Уже раздвинулся занавес, и героиня начала свой страстный монолог, когда мне, тихо булькнув в сумке, пришла смс-ка от мужа. Он извинялся, и просил добираться после спектакля одной. Его срочно вызвали на службу.

В принципе, это была проблема, и все оставшееся действие, я вспоминала, хватит ли мне денег на такси. Потому что приехали мы сюда на своем автомобиле, и одета я была исключительно для похода в театр, а не для хождения по незнакомому темному району, в поисках ближайшей станции метро. Поэтому оставшаяся часть спектакля прошла мимо меня.

Выйдя из светлого, теплого здания, я немного постояла на крыльце с колоннами, кутаясь в очень относительную накидку, и констатируя, что на улице холодно, а скоро будет ещё хуже. Перчатки и шарф, которые могли бы хоть немного спасти положение, остались в машине. С грустью я вспомнила, что где-то на заднем сидении так же завалились теплый свитер и берет, которые я когда-то кинула туда на всякий случай. Случай теперь представился, но наше авто с моими теплыми вещами неслось где-то во мраке ночи по неведомым мне делам.

Я спустилась с торжественного крыльца, оставив тепло, свет и колонны за своей спиной.

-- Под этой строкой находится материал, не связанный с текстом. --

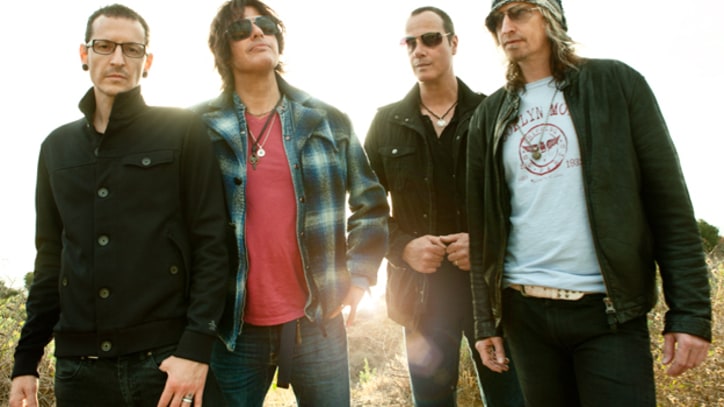 Stone Temple Pilots and Chester Bennington Join Forces on 'High Rise'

Посмотрев карту города в телефоне, поняла, что дело обстоит не так страшно, как мне показалось вначале, и до метро я вполне могу дойти пешком. Где-то рядом была станция. Конечно, я дошла бы быстро, если бы не мой врожденный пространственный идиотизм. И, вне всякого сомнения, я тут же заблудилась. Как только свернула с большой дороги, по которой с шумом неслись привычные, разгоняющие темноту и тишину автомобили, на тихую аллею. Кругом были только торчащие, уже почти голые деревья, откуда-то доносился шум цивилизации, но я не понимала, с какой стороны. Поднялся ветер. Повалила острая снеговая крошка, первая в этом году. Полуснег, полуград хлестал по лицу мелкими колючими осколками. Я брела какое-то время, скрючившись под немилосердными осадками и ветром, в сторону, которая казалась мне правильной.

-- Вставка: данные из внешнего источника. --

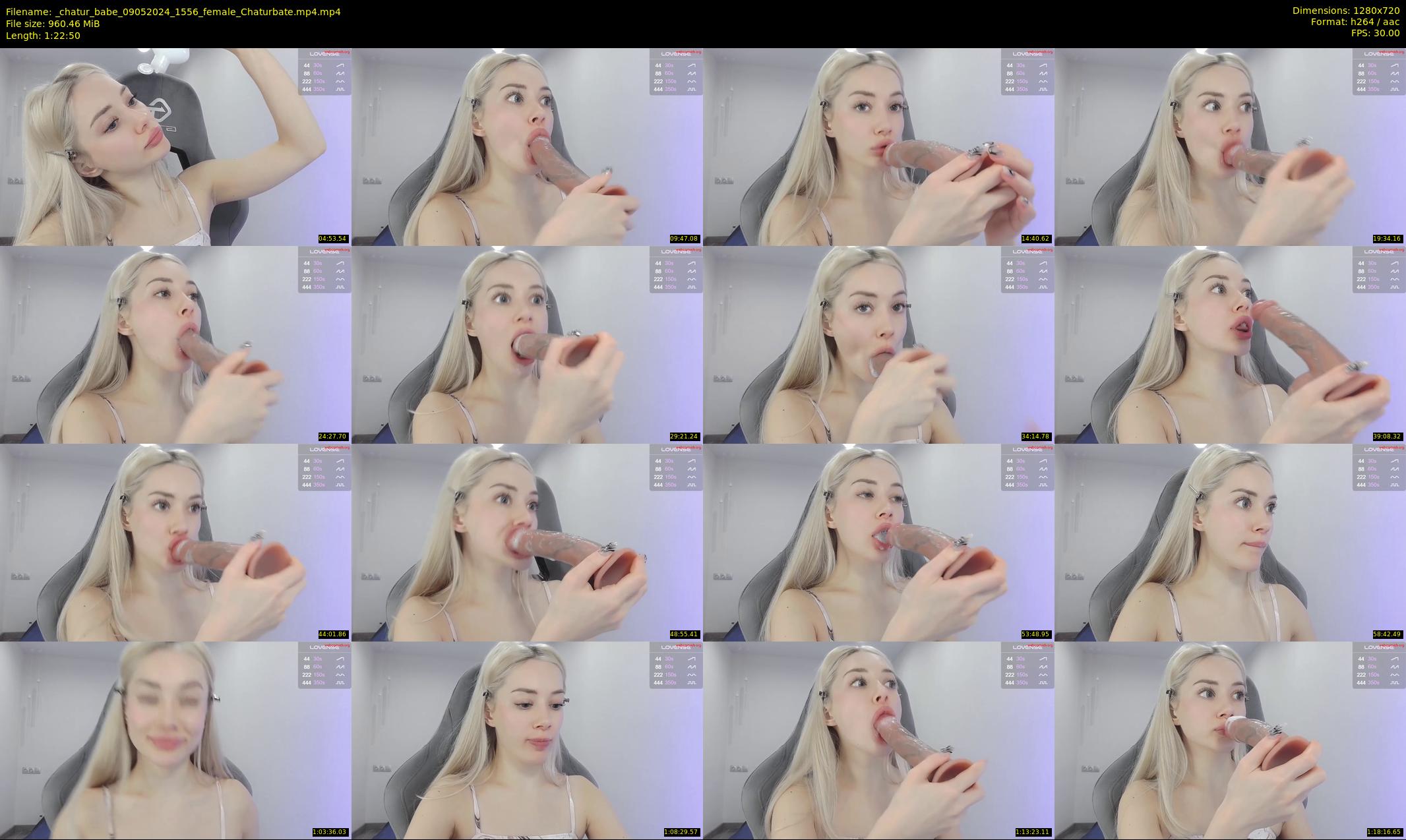 _chatur_babe — 83 minute Chaturbate female cam show recording, 720p, May 9, 2024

Странным было только безлюдие этой аллеи. И немного жутким. Хотя, конечно, вполне логически объяснимым. Какой ещё идиот, кроме меня, отправится на променад по аллее в такую погоду? И очень понятной была моя радость, когда я увидела ещё одну согнувшуюся под ветром и градом фигуру, которая двигалась из темного пространства мне навстречу. По крайней мере, теперь можно было узнать, правильно ли я иду. Только очень скоро оказалось, что рано я радовалась. Потому что при ближайшем рассмотрении оказалось, что этот одинокий путник и в самом деле был идиот. Натуральный.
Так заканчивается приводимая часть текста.